Thursday, February 9, 2012

New Blog

New Blog is up: www.djiboutijones.com

Go there. Go there now. Read it. Follow it. Link to it. Go on. Head over there. Now.

You might need to re-subscribe to your Google Reader Feed, so far I have been unable to update this.

Goodbye.

Tuesday, January 17, 2012

Djibouti Jones

The new blog is up and it is called Djibouti Jones.

I went back and forth, back and forth, about what to name it. Part of me still thinks I have chosen poorly, but too late. My name is much more generic and would probably serve me better in the long run but for now, I am a nobody trying to get people to read my stuff.

I figured people are a lot more likely to google 'djibouti' than to google 'Rachel Jones' and even if they did, they wouldn't find this Rachel Jones, there are too many of us out there.

Maybe when I have my bestseller on shelves or Kindles or Nooks, I'll hire someone to start up a webpage for me and use my own name. Alas, I have chosen to go with catchy and current.


I wish I could say I would keep up both blogs because I hate to lose readers during the move, but I know myself and it just won't happen.

Please come on over to the new blog. Please like or follow or join or whatever it is people are supposed to do. Please bring your friends. Maybe I'll send a free Djiboutilicious cookbook to whoever brings those most traffic! I know you are all positively dying for your own copy (that's why I still have so many sitting in boxes around our house).

Sunday, January 8, 2012

New Blog?

I'm thinking of starting a new blog, or at the very least, changing the address of this one to something more catchy than trjonesfamily. The reasons for this are many, but a major one is that I'm trying to break into the publishing world more and more. Part of that process is 'building my brand' and having a more professional or interesting name is one aspect of it.

So...a question...

Would I be better off using my name or something else?

www.rachelpiehjones.com

OR

www.djiboutijones.com

Maybe I won't use either, maybe I won't start a new blog, but I'm interested in your input.

Thursday, December 29, 2011

Merry Christmas

Merry Christmas to everyone, a few days late. I took a few days off blogging so I'd have more time to gorge myself. So much food, so much good food, so many firsts...

Downhill skiing with school.
Maggie said, "There weren't that many hard hills. I went down a black diamond."

Ice-skating and hockey on the lake.
Henry said, "That is way funner than I thought it would be."

Ice-fishing.
Lucy said, "Its cold."

Eating, eating, eating.
I guess that wasn't a first, but we reached new heights of sugar-ball-ness. And I have no quotes about it except, "yum."

See you in 2012.

Wednesday, December 21, 2011

A Muslim Christmas Carol

On Sunday we sang the Christmas carol 'What Child is This?' I am writing about Mary in the Quran for a project and have done months of research on the Islamic view of Mary, or Maryam. Something that has come up repeatedly is one of the titles for Jesus as 'Jesus the son of Mary'. Isa ibn Maryam.
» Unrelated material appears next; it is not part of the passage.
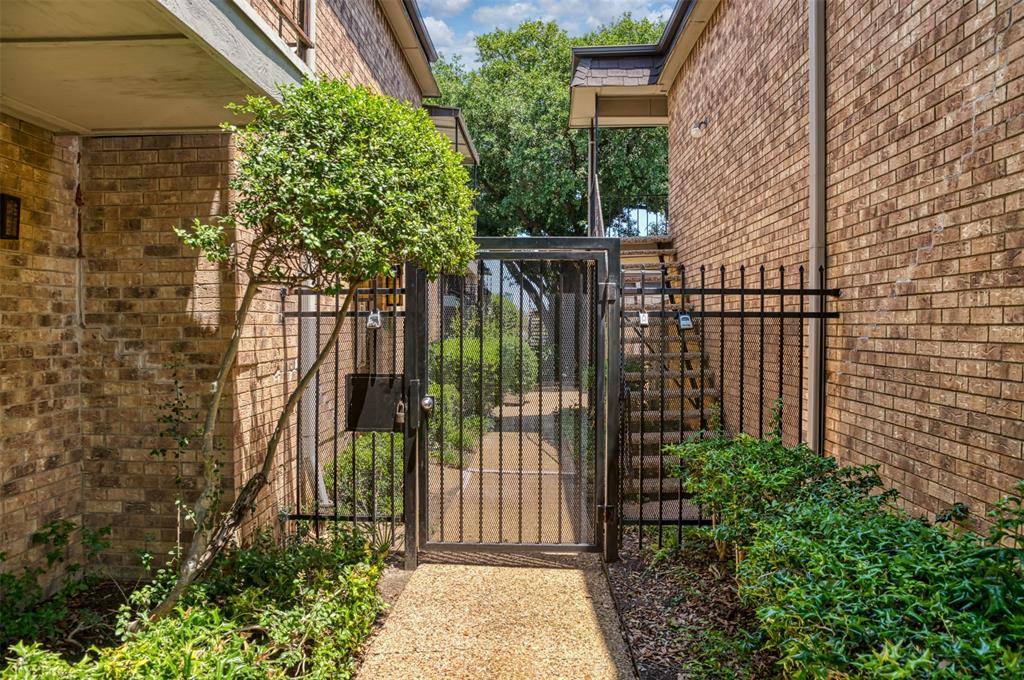 10252 REGAL OAKS Drive #B, Dallas, TX 75230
I don't hear either Mary or Jesus referred to that way very often among Christians but it occurs thirteen times in the Quran and the phrase 'Jesus, the Messiah, the son of Mary' is used three times.


This is the only song I can think of that sings about Jesus, the son of Mary. Also, Jesus is referred to in both the Quran and the Bible as the Word of God which appears in verse two of this carol.


So when we sang the song on Sunday, I couldn't help but think that it sounded like a Muslim Christmas song. I'm not saying it is one, or that my Muslim friends would necessarily agree with everything in the song, but it made me think about them, made me think about Djibouti.


And, for the first time since being back this year, I felt a pang in my chest because I miss them. I miss the way Djibouti helps me think and live outside the box of shopping malls and inside deeper realities than fast food restaurants. So I'm posting the lyrics as a reminder of the one who also left one world to live in another for a time, in honor of the one who ached for his eternal home.

1. What Child is this who, laid to rest
On Mary's lap is sleeping?
Whom Angels greet with anthems sweet,
While shepherds watch are keeping?


This, this is Christ the King,
Whom shepherds guard and Angels sing;
Haste, haste, to bring Him laud,
The Babe, the Son of Mary.
2. Why lies He in such mean estate,
Where ox and ass are feeding?
Good people, fear, for sinners here
The silent Word is pleading.


Nails, spear shall pierce Him through,
The cross be borne for me, for you.
Hail, hail the Word made flesh,
The Babe, the Son of Mary.
3. So bring Him incense, gold and myrrh,
Come peasant, king to own Him;
The King of kings salvation brings,
Let loving hearts enthrone Him.


Raise, raise a song on high,
The virgin sings her lullaby.
Joy, joy for Christ is born,
The Babe, the Son of Mary.

Tuesday, December 20, 2011

What I Loved This Morning

This morning while I was running, I remembered a post from earlier this summer. Tears, how so many little things were moving me to tears. I didn't cry today, but I noticed things and felt the aliveness of living.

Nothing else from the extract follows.